FRANCE: THE GREAT WAR REMEMBERED - Nearly 100 years after the outbreak of war in France, the government is calling on people to donate First World War memorabilia. The items will be displayed in a huge digital archive: The Great Collection - La Grande Collecte. Sometimes one small object can change a whole life. For Markus Geiler that was his grandfather's bible. Without it, Geiler would probably never have been born. His grandfather was a front-line soldier in World War I, and would have been killed had shrapnel not been stopped by the bible. Ever since, the family has treasured the book. Now it will be displayed on the internet for the entire world to see.

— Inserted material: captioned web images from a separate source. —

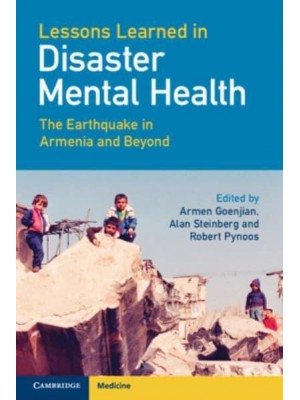 Lessons Learned in Disaster Mental Health The Earthquake in Armenia and Beyond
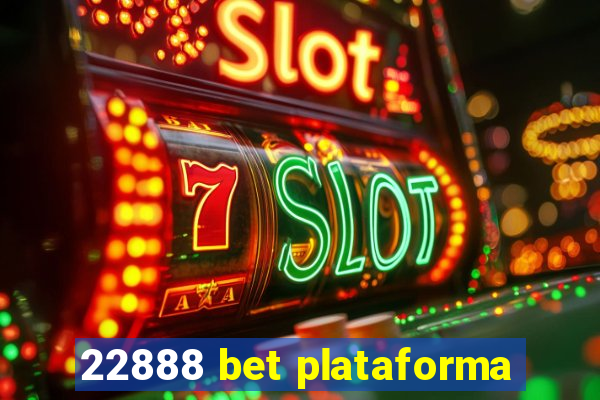 22888 bet plataforma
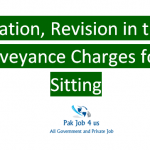 Notification, Revision in the rate of conveyance Charges for Late Sitting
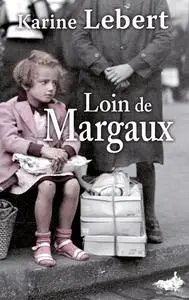 Loin de Margaux - Karine Lebert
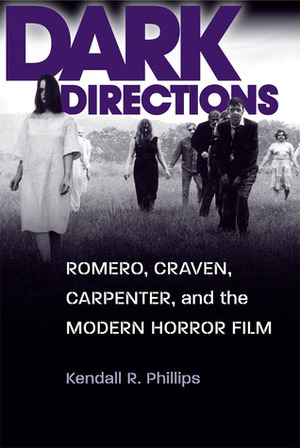 Dark Directions: Romero, Craven, Carpenter, and the Modern Horror Film by Kendall R. Phillips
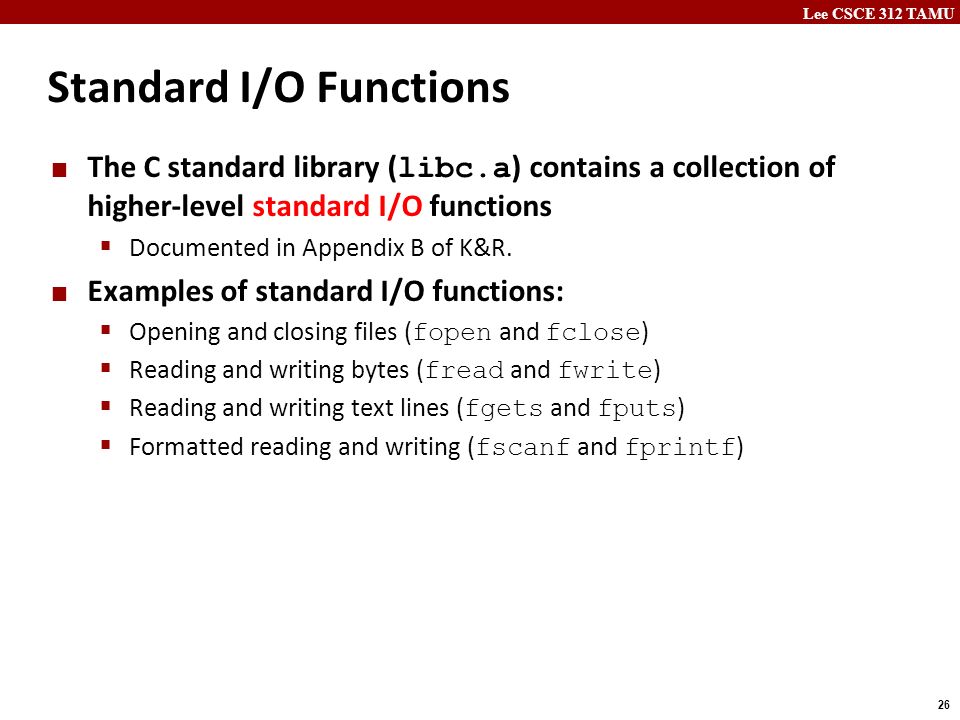 Lee CSCE 312 TAMU 26 Standard I/O Functions The C standard library ( libc.a ) contains a collection of higher-level standard I/O functions  Documented in Appendix B of K&R.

BELGIUM: UNEMPLOYMENT THREATENS TO OVERWHELM A CITY - For the last year the city of Genk has been living in a state of shock, after the car manufacturer Ford announced it will close its factory there in 2014. Only a few hundred of the people affected have been able to find new jobs. The majority is continuing to work at Ford on reduced shifts and will soon be out of a job. About 10,000 people are thought to be affected - that's nearly 1/6th of the city's inhabitants. And they have little hope of receiving any special assistance from the authorities. Genk is already on the verge of bankruptcy.
ITALY: FIGHTING THE MAFIA WITH MOZZARELLA - Massimo Rocco is a master cheese maker and is up against the mafia. His cooperative produces organic mozzarella on land near Naples that was confiscated from the mafia. The cooperative is part of "Libera Terra" - an organization of many small organic agricultural businesses operating on land that once belonged to the mafia. Legal labor, sustainable management and fair wages are the weapons that Massimo and his associates are using in their quest to free southern Italy from the chains of the mafia.
- KQED World: Tue, Dec 10, 2013 -- 10:30 AM
Un Calls for End of Racist Santa Spectacle (Episode #3148)
KQED World: Sun, Dec 1, 2013 -- 7:00 AM
TURKEY: TRIALS AGAINST THE STATE - Crimes committed by the state in the 1990s are only now going to trial in Turkey. Relatives of the victims are hoping for justice. But time is running out: the statute of limitations is 20 years. Kurdish and Turkish families alike suffered from the crimes. The state is accused of ordering the annihilation of entire Kurdish villages. But members of the Turkish military also paid with their lives if, for example, they were too lenient with the Kurds. These were political murders and, for years, the real killers remained confident they'd never be called to account. The government had blamed most of the killings on the armed wing of the PKK, the Kurdistan Workers' Party.
NORWAY: KING CRABS SAVE JOBS - Many Norwegians used to leave the villages in the north of the country because there were no jobs. Now they're coming back. Thanks to king crabs, the fishermen, at least, can count on a lucrative business. The crabs migrated from Russian waters. The giant creatures can measure up to two meters across. As well as the locals, tourists are also coming back for a look at the sensational crabs. However oceanographers worry that over time the king crabs could displace marine life that has been living in the arctic waters for millions of years.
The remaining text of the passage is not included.